I said yes, but I mis-understood the question...

This is something I need to look in to. I don't have any family that could take him, so I'm not sure what to do on this.

I'm certainly open to idea's.


----------



## esSJay (Apr 13, 2009)

I don't have an official will but I have a paper at home that lists who would get certain things. Seeing as I'm only 25 I hope that it doesn't have to be used anytime soon. The BF would absolutely keep Molson and if something had happened to both of us, my mom would take excellent care of Molson, and likewise with her and my stepdad, we would take Skoker if something happened to them.

Excellent poll question to get everyone thinking about their doggies! I could see it being overlooked by many many people.


----------



## esSJay (Apr 13, 2009)

NuttinButGoldens said:


> I said yes, but I mis-understood the question...
> 
> This is something I need to look in to. I don't have any family that could take him, so I'm not sure what to do on this.
> 
> I'm certainly open to idea's.


Perhaps you could make arrangements with a local rescue club or your breeder? What about any friends of yours, possibly some that already have a dog?
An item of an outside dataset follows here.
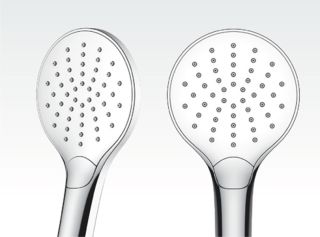 Душевая стойка Ravak DS 091.00 X07P643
Or even somebody on this site that lives closer to you could pose as a foster parents while in search of a new home.


----------



## Ljilly28 (Jan 22, 2008)

I really worry about this, about if my strong-willed family would observe my wishes! That is why strong-willed Tippykayak is a very key part of my plan- bc he wouldnt let anyone walk on him where a dog's best interests were concerned! You just never know where people are going to be in their lives if something happens suddenly, so I have ten people/families who I would feel okay having Finn, Tango, and/or Tally go to. Each would have a 'trust fund" go with them. One of my key people(Margarete) has recently adopted a GSD who would be too much for the goldens, which rules her out all of a sudden, and having babies can change people's priorities/willingness too. I would not want my goldens going back to their breeders to be placed with strangers- too scary. I would be happy with GRF overseeing every move! 
Finn- Tippykayak, Mom, Denise&Rob, Jeannie&Ian
Tally: Liz Langham, Denise&Rob, Jeanine&Brian, mom, Teri Robinson, David Brush
Tango: Matt&Brooke, Jeannie& Ian, Pat Quinn,David Brush,mom

I also think a committee of 3-5 golden retriever forum members could find Tally a great home, and Tango too. Finn is seven so he would HAVE to be with someone who would hike with him and snuggle with him the way I do.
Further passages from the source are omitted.